Нет, я сразу понял, что хотя сын за отца не отвечает, но меня сейчас взяли, что это уже навсегда, что второй раз я не переживу ни следствия, ни тюряги, ни каторги. Второй раз не пережить. Навсегда берут меня парни. Никаких к ним претензий. Ни тогда, ни сейчас. Перечитываю написанное, вспоминаю, и вдруг приходит мысль: а может, грустный младший лейтенант с каким-то крамольным умыслом ко мне с пивом протиснулся. Может, хотел предупредить, остеречь, намекнуть, чтобы я исчез куда-то. И не поручусь я, что тот младший лейтенант ничего не говорил мне. Только разве понял бы я в эйфории, в детском своем упоении от сценического успеха. А фамилии запомнились. Маленький — Битилев, а большой — Майоров.
За окном учительской я увидел голубые санки, в которые был запряжен лоснящийся под солнцем вороной жеребец. Я пошел в раздевалку, надел свой полубушлат, вывезенный из лагеря, поднялся на второй этаж за портфелем, и в этот момент раздался звонок с урока.
Из всех дверей выскочили девчата и ребята — участники моей самодеятельности.
— Ты куда?
— Надолго?
— Чего среди уроков?
И тут я сделал нечто, чего от себя не ожидал.
— Репетиция, ребята, будет обязательно. Ровно в пять! Чтобы все были! Весь состав драмкружка — «Цыганы», «Годунов», и пусть хор тоже соберется. Если я задержусь, то ждите. Час, два. Но я обязательно приду. Ждите!
«Зачем?» — спросите вы.
А затем, чтобы у моих артистов было время всем вместе обсудить мой арест, если им скажут прямо, или мое исчезновение, значение которого они поймут позже. Это будут мои поминки! Как хорошо, что я догадался их устроить!
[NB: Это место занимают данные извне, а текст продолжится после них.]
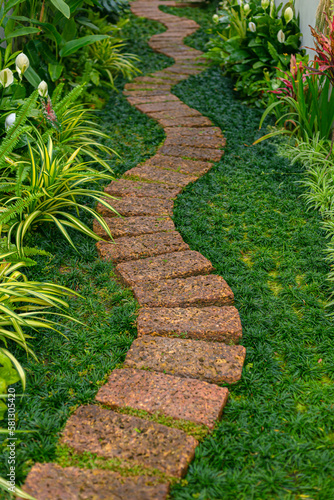 close up path in a garden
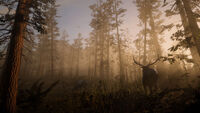 Rocky Mountain Bull Elk shown in Tall Trees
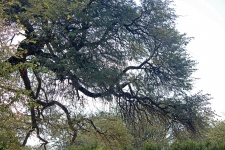 Shapely Branches Of Tree & Leaves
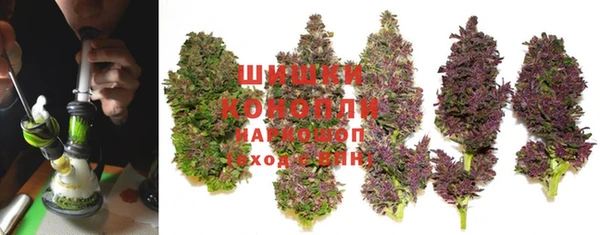 спиды Богородск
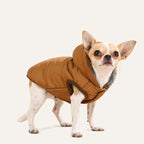 Chihuahua wearing the Hooded Fleece-Lined Dog Parka in Coffee, size S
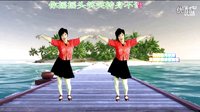 2016年最新吕芳广场舞《爱情伤不起》正背面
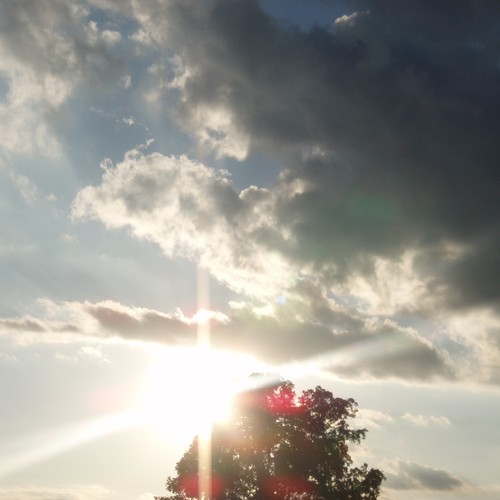 Design Rick Warren's New Book Cover Design by kdosh11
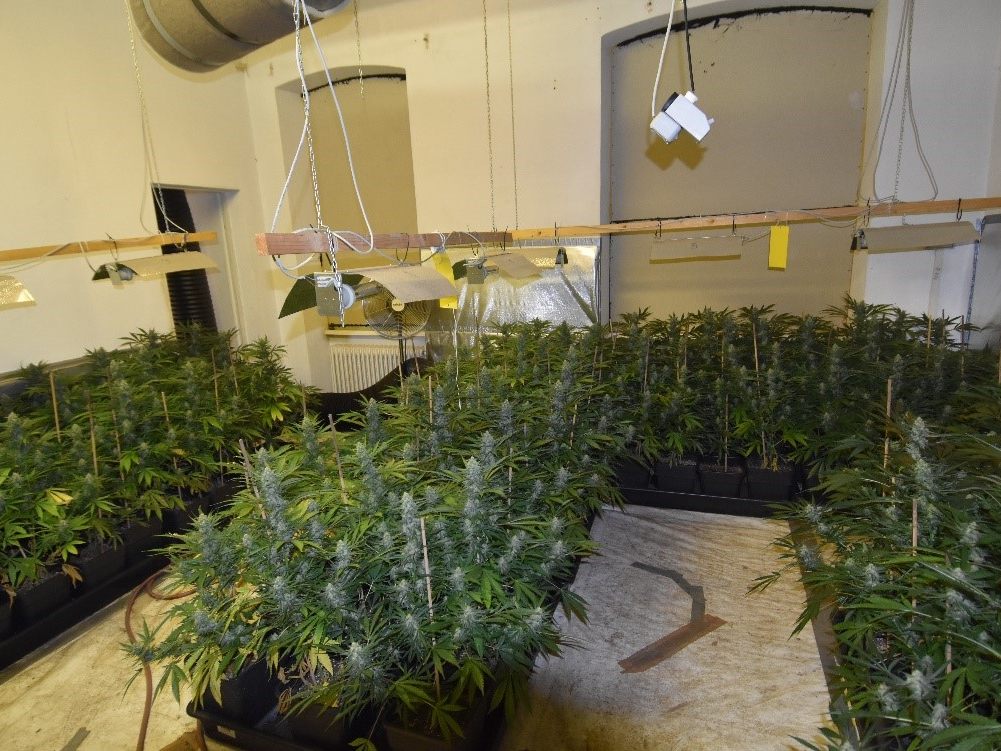 Diese riesige Hanfplantage entdeckten die Polizisten in Hernals Diese riesige Hanfplantage entdeckten die Polizisten in Hernals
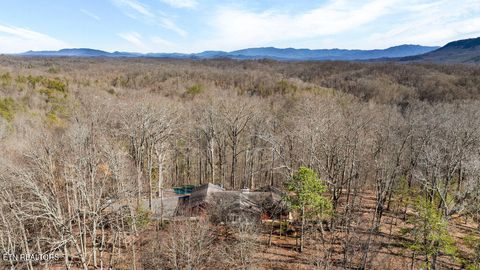 Tiny photo for 804 S Shiloh Rd, Seymour, TN 37865 (MLS # 1330336)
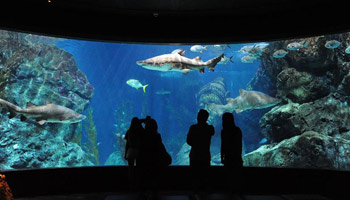 People visit Siam Ocean World in Bangkok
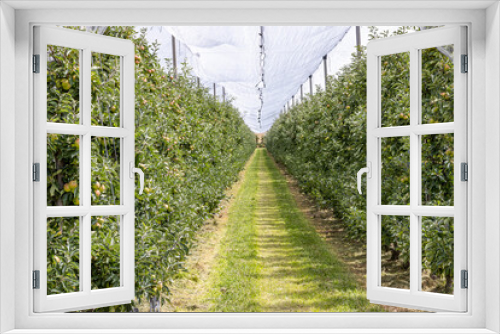 Fototapeta Naklejka Na Ścianę Okno 3D - Row of apple trees with anti nets for birds or protective mesh above trees in an apple orchard, sunny summer day in South Limburg, Netherlands. Organic cultivation of apples, healthy natural food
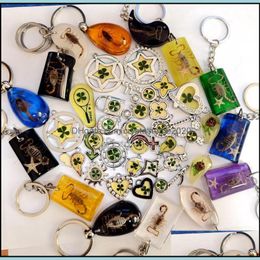 Key Rings 60 Pcs Fashion Mixed Style Real Four Leaf Clover Scorpion Starfish Colorf Keychain Drop Delivery Jewelry Otphi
Небезвестно уйду с этого света.
Мы сели в голубые санки. Сияло небо, снег скрипел под полозьями, и летел снежный пух из-под копыт вороного. А плакучие ивы над рекой были как в опере. А мы сидели в санках — трое молодых людей, и один из нас вдруг запел песню про тачанку-ростовчанку, все четыре колеса. Это пел я.
В тот день ко мне привязывались разные песни и песенки. Во время обыска в доме у бабы Дуни я стоял у окна и пел про городской сад, где играет духовой оркестр; позже, когда сидел в предварилке, — про солдат, которые идут стороной незнакомой. Не знаю, почему я пел. Почему мне это было надо? Парадоксальная реакция?
А не парадокс, что баба Дуня потом рассказывала, что квартиранта ее посадили, чтобы не распространял рак. «Он уколы делал вроде для аборта, а на самом деле от этого рак». («Уколы для аборта» я тоже никогда не делал, и бабка это знала.)
Ни в чем не виню бабу Дуню, хорошая была старуха, добрая, справедливая, правда, дикая совсем.
Летом того же года я ехал этапом из Калинина через московскую, рузаевскую, куйбышевскую и ташкентскую пересылки в Джамбульскую область, где, как мне объяснили авторитетно, я буду пребывать до конца своих дней, если кто-то не решит загнать меня еще дальше. «Ведь, по идее, вы не должны быть так близко от Узбекистана».
…Ташкентская пересылка пятьдесят первого года, наглухо закрытые бараки, где, видимо, битком набито. Зной, бьющий по крышам этих бараков, пустые аллеи, клумбы вровень с крышами бараков, розы и хризантемы размером в чайник, гладиолусы, ирисы, астры, опять розы, розы, розы.
Нас, транзитников, в барак не загнали. Мы сидели под огромным карагачем, в тени. Кто-то сказал, что часам к семи поведут на вокзал к поезду Джелалабад — Фрунзе, там идет вагонзак, столыпинский, как его называли очень долго после того, как самого Столыпина не только убили, но и забыли.
Я почти не помню товарищей по этому этапу. Они менялись часто. Распихивали нас по разным камерам, по разным купе (не знаю, как назвать эти камеры в вагоне). Врезалось только, что в том этапе люди часто теряли сознание. Лето было жаркое. Так, по дороге с Ташкентского вокзала потерял сознание здоровенный широкоплечий крымский татарин, получивший четвертак за побег с места поселения.
…Мы сидели под деревом в тени, еды нам не давали, чтобы не канителиться. А нам и не хотелось есть, очень уж противно воняло с кухни.
Мы сидели между белыми бараками у белой какой-то стены, и цветов было столько, сколько я не видел потом ни в ботаническом саду, ни на виллах Средиземного моря, ни в правительственных резиденциях. Цветов было так много, что меня все не оставляет мысль о тогдашнем начальнике пересылки. Кто он был? Сумасшедший? А может, он торговал цветами? Или это была показуха?